A lot of us are starting out the new year with new puppies, and along with enjoying all the cuteness and playfulness comes the very important responsibility to housetrain the dog.

The first thing to understand is that your dog doesn’t care whether he goes to the bathroom inside the house or outside the house. Going outside is strictly your priority, but your dog wants to make you happy, so he will follow your rules even when they don’t have any meaning to him. He just has to figure out what the rules are. The best way to accomplish that is to eliminate his chance to do it wrong and to reward him for doing it right.

I find that crate training tends to accomplish this the most quickly and clearly. When nobody is watching the dog, while sleeping at night for instance, the dog should be kept in a crate that is large enough for him to stand up, turn around, and lie down comfortably, but not much larger than that. When his space is limited he will naturally not want to urinate or defecate in that area and will hold it instead. This also keeps the dog from roaming around the house at night ingesting non-food items, like chunks of your couch, which will need to be surgically removed form his small intestines later.
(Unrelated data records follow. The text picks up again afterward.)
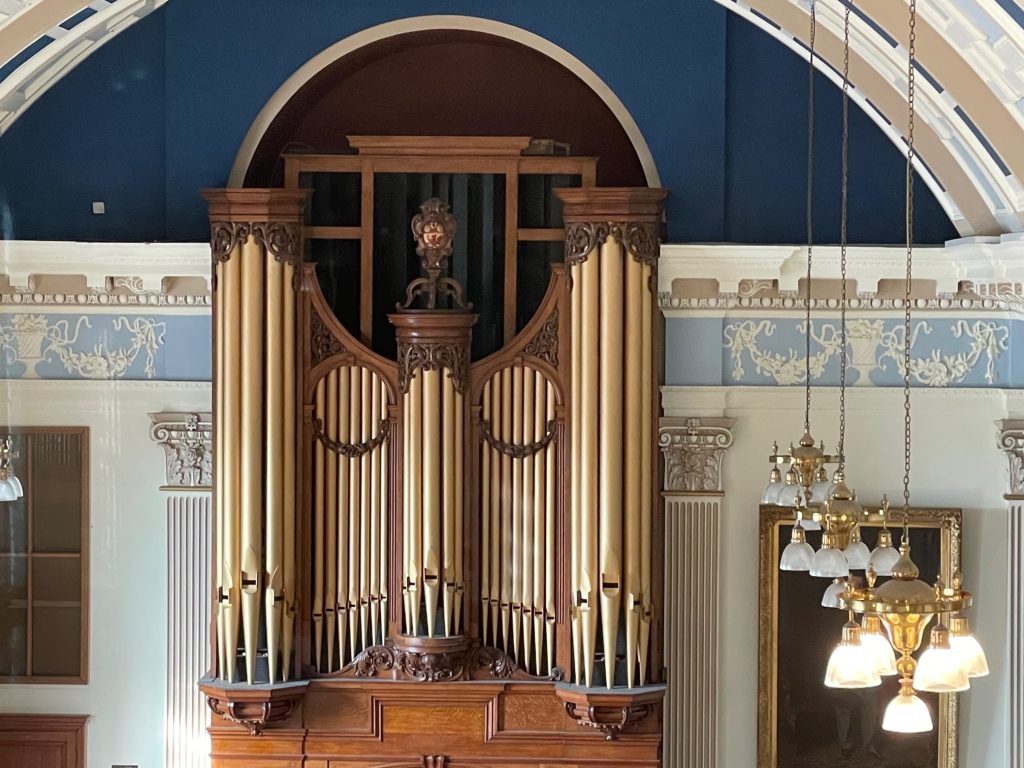 The Moot Hall Organ News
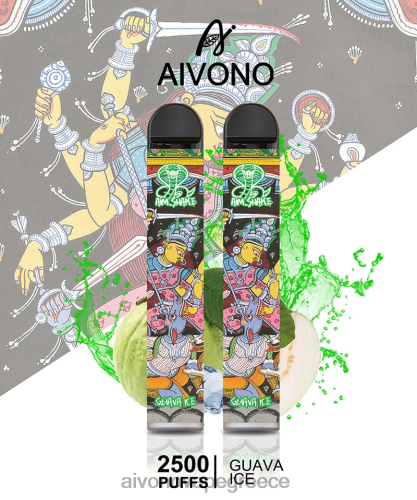 Aivono AIM SNAKE 2500 πάγος γκουάβα 40T2F307 - Aivono Ελλάδα
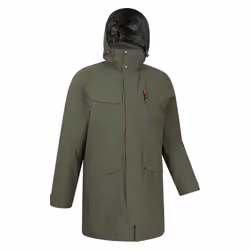 Mountain Warehouse Mens Reid Waterproof Padded Jacket - XXL, Green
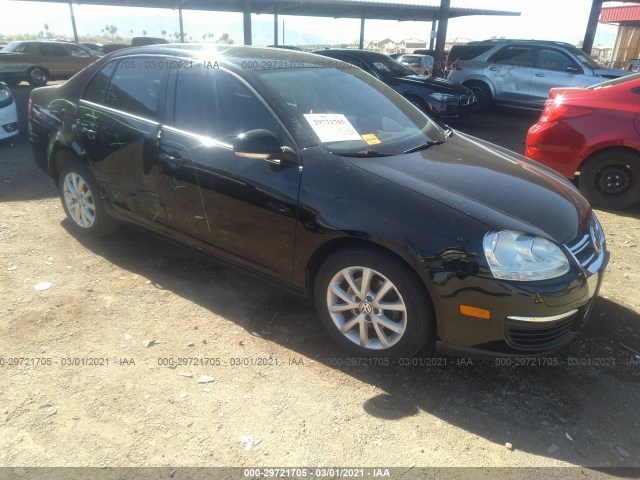 VOLKSWAGEN JETTA SEDAN 2010 3vwaz7aj3am132241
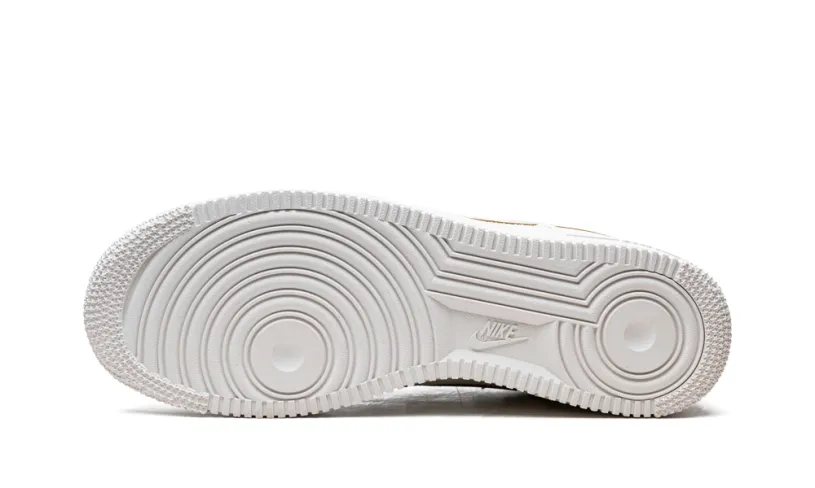 Nike Lifestyle Air Force 1 Low WMNS 'Grey Cross-Stitch'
In the morning the first thing that should happen is that the dog is let out of the crate and taken directly outside, where he will probably need to go to the bathroom because he has been holding it all night. The key to success here involves the owner going outside with the dog too, in the 20 below zero weather and the gale force winds, and standing right next to the dog in order to administer a special treat the instant the dog is finished in order to reward him for going to the bathroom outside. If the owner cheats and stands in the nice warm house and offers the dog the treat as he is coming back inside she is rewarding the dog for coming in the door, not for going to the bathroom outside.
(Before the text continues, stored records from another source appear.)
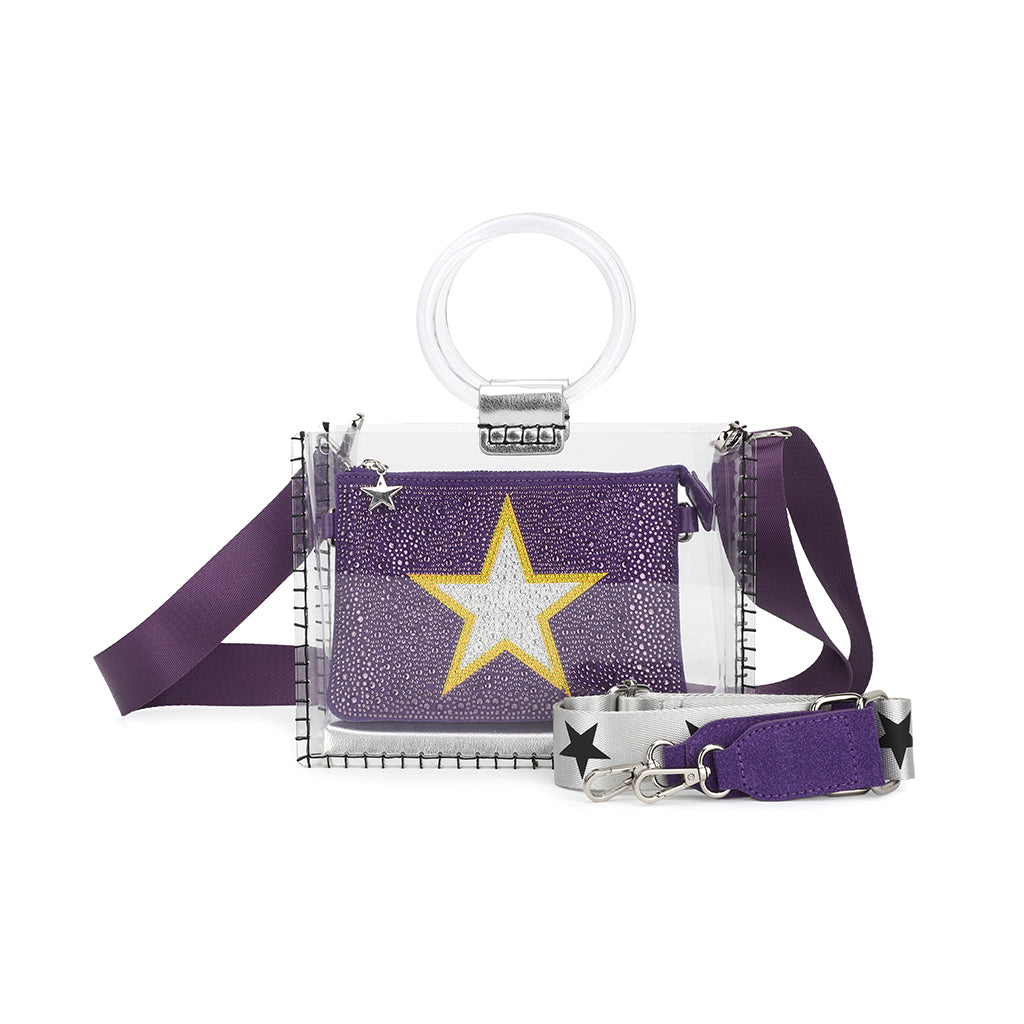 MINI MOLLY - PURPLE GOLD - Charming Charlie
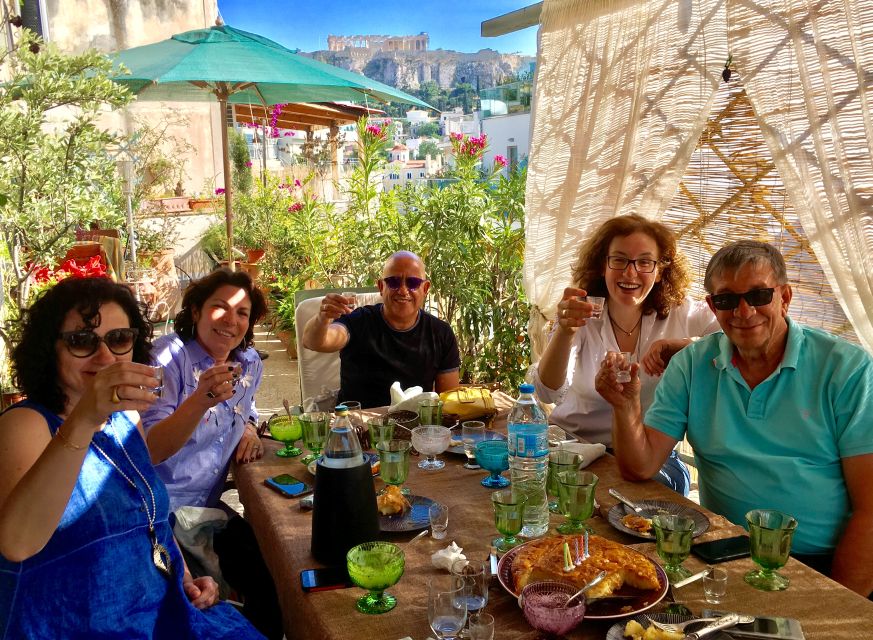 Athens: 7-Course Dinner and Wine Pairing with Acropolis View - Dimitris and Savvas make the meal personal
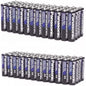 96-Pack: Panasonic Super Heavy Duty Batteries-Value Pack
No dog should be kept in a crate for 20 hours a day, so make sure that he is out and exercising and interacting with the family as much as possible. While the dog is out and about somebody must commit to having an eyeball on the dog at all times. It doesn’t take long before you learn to read the "I think I will find a place to relieve myself" behavior as the thought is forming in your dog’s head. If you wait until the dog is giving signals that they need to go to the bathroom rather than just taking him out randomly every 20 minutes you increase your chance of rewarding him for doing it right instead of playing the going-outside-for-no-particular-reason-game all day. Lots of dogs will go outside, sniff around a little, come back inside, and relieve themselves as soon as they come back in. Be prepared and pay attention so you are ready to get the dog back outside before he can do it wrong and so you can reward him for doing it right.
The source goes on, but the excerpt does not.